Bush had continued the policies of his predecessor Bill Clinton in relation to the Balkans, Iraq and Latin America - with troops and a massive military base in Kosovo, regular bombings of Iraq and a monumental expansion of military aid to Colombia - and in addition launched two wars of his own, those against Afghanistan in 2001 and Iraq two years later.
Obama, so thoroughly does U.S. polity predetermine individual administrations' policies, entered office by intensifying the deadly drone missile attacks in Pakistan begun by Bush in late 2008 and announced that he was doubling the number of American troops in Afghanistan.
Already presiding over the world's largest military budget, officially 41.5% of world expenditures in 2008 and far larger with non-Defense Department spending factored in, in April the new president requested from Congress an additional $85 billion in supplemental funding for the war in Afghanistan and the occupation of Iraq.
U.S. lawmakers were more than accommodating and on July 24 Obama signed Iraq and Afghanistan War Supplemental Appropriations amounting to $106 billion.
On October 28 he signed the $680 billion 2010 National Defense Authorization Act which includes another $130 billion to fund what his administration now calls overseas contingency operations in Afghanistan and Iraq.
With the authorization of $106 billion in July, the last official supplemental appropriation for the wars, and $130 billion last month for Afghanistan and Iraq the combined official spending for both wars will exceed $1 trillion. According to the Stockholm International Peace Research Institute (SIPRI) 2009 Year Book, total international military spending for 2008 was not much more than that: $1.464 trillion.
Eight days after the authorization of the $680 billion Pentagon budget for next year, the New York Times reported that the top American military commander, chairman of the Joint Chiefs of Staff Admiral Michael Mullen, said "he expected the Pentagon to ask Congress in the next few months for emergency financing to support the wars in Iraq and Afghanistan," with the newspaper estimating the size of the demand to be $50 billion. 
Despite the Obama administration's pledge to the contrary, July's war supplement may not be the last one. It will simply be renamed an emergency appropriation. The first of many more to come.
Not only does one country account for the overwhelming plurality of world military expenditures, but that nation also has troops and bases on all six habitable continents (as well as a 54-year military mission in Antarctica, Operation Deep Freeze) and eleven aircraft carrier strike groups and six navy fleets that roam the world's oceans and seas at will. It is also expanding a global interceptor missile system on land, on sea, in the air and into space that will leave it invulnerable to retaliation.
Reports from the first twelve days of November indicate the global scope of the first attempt in history by one nation to achieve uncontested worldwide military power.
A survey of that period will trace recent trends across the globe with the alphabet as a compass.

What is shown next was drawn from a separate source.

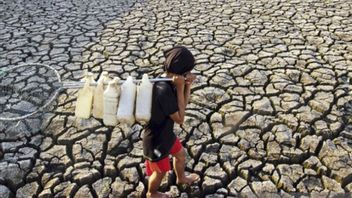 干旱的袭击,西爪哇,中爪哇和东爪哇的数万户家庭需要清洁水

Any day now Washington may announce plans to add 40,000 or more troops to the 68,000 already there.  Plans are underway to accommodate that influx.
The American military compound at and fanning out from the Bagram Air Field has been expanded from 3,993 to 5,198 acres since 2001 and is in the process of further enlargement. It already hosts some 25,000 U.S. troops and contractors and "a new parking ramp supporting the world's largest aircraft is to be completed this spring....[I]t is continuing to grow to keep up with the requirements of an escalating war and troop increases."